Task prompt |
Only an exact repetition of the lines from the one that holds "Floppa Funkin' (Beta)" to the end of the records is wanted.

━━ Data provided

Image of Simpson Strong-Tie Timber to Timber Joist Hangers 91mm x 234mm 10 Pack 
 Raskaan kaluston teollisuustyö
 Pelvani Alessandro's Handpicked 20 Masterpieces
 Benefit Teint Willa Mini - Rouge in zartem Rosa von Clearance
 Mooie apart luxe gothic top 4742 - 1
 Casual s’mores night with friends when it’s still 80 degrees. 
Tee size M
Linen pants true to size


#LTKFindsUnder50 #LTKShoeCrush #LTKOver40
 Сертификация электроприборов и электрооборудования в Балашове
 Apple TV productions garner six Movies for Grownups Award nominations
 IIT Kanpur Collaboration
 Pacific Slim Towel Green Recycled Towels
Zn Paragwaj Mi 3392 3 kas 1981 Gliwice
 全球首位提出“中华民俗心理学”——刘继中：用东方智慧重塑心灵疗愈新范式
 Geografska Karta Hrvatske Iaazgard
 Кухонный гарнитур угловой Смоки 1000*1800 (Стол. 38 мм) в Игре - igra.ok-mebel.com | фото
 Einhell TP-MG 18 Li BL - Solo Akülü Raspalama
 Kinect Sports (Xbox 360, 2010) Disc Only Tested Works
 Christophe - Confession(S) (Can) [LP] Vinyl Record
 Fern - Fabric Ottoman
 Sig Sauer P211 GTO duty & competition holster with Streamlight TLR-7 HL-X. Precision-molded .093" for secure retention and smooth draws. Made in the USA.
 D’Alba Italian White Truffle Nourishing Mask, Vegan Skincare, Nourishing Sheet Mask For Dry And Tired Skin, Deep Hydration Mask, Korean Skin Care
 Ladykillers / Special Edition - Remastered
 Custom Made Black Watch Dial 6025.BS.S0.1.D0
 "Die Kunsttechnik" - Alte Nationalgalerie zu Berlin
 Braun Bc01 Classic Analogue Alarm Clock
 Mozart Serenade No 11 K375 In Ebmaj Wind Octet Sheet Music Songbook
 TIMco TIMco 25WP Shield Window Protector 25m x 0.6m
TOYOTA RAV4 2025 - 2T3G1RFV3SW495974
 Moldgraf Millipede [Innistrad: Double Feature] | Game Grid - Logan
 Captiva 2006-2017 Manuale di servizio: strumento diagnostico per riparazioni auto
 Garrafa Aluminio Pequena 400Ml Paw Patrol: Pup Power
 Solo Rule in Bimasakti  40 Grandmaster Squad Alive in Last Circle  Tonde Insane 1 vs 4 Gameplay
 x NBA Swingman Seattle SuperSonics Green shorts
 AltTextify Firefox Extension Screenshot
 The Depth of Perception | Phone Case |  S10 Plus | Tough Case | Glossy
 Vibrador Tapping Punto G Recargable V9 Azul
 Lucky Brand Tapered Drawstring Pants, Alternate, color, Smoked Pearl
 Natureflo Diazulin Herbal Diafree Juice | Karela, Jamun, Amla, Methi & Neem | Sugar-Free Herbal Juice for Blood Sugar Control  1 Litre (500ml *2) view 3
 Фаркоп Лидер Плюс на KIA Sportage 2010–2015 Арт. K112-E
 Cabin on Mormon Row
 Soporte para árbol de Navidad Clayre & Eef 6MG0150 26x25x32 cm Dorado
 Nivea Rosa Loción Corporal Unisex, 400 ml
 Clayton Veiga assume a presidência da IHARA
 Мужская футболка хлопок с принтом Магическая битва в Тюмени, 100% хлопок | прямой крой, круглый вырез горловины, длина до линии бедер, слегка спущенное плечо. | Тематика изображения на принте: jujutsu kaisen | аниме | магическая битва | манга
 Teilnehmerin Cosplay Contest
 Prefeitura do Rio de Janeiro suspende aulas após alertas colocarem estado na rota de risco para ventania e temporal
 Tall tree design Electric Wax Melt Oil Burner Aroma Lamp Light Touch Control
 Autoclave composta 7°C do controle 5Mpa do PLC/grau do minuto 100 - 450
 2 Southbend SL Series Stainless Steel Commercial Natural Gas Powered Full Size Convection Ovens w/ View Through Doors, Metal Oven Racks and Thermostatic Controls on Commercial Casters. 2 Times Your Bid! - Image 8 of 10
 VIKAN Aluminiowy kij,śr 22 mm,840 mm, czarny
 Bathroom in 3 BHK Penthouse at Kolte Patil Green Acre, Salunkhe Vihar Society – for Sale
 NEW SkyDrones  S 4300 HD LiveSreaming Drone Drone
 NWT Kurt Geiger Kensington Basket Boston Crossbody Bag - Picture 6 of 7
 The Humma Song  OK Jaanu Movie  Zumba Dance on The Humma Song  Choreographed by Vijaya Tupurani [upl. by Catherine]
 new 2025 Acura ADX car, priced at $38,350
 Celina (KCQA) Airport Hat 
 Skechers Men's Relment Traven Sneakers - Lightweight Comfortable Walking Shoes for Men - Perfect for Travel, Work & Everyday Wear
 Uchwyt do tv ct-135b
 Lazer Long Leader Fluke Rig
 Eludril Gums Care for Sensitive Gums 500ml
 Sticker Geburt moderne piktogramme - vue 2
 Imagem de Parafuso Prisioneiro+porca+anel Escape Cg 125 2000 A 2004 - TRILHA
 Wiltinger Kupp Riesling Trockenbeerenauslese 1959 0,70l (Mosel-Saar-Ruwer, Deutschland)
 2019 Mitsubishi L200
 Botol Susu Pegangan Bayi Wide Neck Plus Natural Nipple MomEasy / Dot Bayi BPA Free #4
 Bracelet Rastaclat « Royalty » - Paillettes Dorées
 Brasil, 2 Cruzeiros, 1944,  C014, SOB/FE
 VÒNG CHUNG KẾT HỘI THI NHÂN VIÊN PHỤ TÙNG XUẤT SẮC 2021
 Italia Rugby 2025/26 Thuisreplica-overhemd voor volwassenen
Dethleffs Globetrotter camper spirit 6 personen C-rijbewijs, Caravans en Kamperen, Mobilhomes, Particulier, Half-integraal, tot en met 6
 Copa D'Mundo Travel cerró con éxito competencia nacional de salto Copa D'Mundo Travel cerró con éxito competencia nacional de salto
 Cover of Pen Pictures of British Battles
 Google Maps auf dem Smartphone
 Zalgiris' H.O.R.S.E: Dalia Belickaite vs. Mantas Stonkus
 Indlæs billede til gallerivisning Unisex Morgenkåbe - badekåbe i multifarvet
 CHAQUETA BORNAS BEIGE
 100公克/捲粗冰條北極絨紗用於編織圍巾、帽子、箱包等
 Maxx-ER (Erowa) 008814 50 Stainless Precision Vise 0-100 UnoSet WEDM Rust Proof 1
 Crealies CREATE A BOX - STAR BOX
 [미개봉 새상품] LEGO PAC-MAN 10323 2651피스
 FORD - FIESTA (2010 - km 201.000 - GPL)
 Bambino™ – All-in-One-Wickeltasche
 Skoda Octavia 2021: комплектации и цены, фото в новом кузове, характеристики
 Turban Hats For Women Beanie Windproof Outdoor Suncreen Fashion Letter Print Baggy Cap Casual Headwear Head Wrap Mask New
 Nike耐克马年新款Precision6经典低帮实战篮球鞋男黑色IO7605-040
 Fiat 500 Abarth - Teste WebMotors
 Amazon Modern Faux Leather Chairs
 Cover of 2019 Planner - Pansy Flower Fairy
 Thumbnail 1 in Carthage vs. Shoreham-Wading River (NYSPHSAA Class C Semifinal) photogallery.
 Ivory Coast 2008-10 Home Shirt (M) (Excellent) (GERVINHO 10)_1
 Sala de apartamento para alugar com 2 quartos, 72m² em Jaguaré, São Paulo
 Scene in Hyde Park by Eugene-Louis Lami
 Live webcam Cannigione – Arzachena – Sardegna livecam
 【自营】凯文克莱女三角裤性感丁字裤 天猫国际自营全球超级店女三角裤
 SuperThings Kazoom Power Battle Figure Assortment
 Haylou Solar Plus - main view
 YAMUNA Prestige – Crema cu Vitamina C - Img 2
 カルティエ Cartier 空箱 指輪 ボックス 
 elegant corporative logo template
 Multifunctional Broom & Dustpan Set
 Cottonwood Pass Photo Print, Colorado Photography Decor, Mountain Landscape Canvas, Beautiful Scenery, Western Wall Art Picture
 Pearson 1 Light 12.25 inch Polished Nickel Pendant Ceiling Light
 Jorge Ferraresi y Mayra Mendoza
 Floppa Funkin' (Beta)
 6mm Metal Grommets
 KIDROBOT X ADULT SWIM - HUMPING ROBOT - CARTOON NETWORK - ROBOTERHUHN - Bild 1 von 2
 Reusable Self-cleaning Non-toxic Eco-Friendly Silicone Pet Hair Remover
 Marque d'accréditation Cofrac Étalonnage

━━━━

Answer |
 Floppa Funkin' (Beta)
 6mm Metal Grommets
 KIDROBOT X ADULT SWIM - HUMPING ROBOT - CARTOON NETWORK - ROBOTERHUHN - Bild 1 von 2
 Reusable Self-cleaning Non-toxic Eco-Friendly Silicone Pet Hair Remover
 Marque d'accréditation Cofrac Étalonnage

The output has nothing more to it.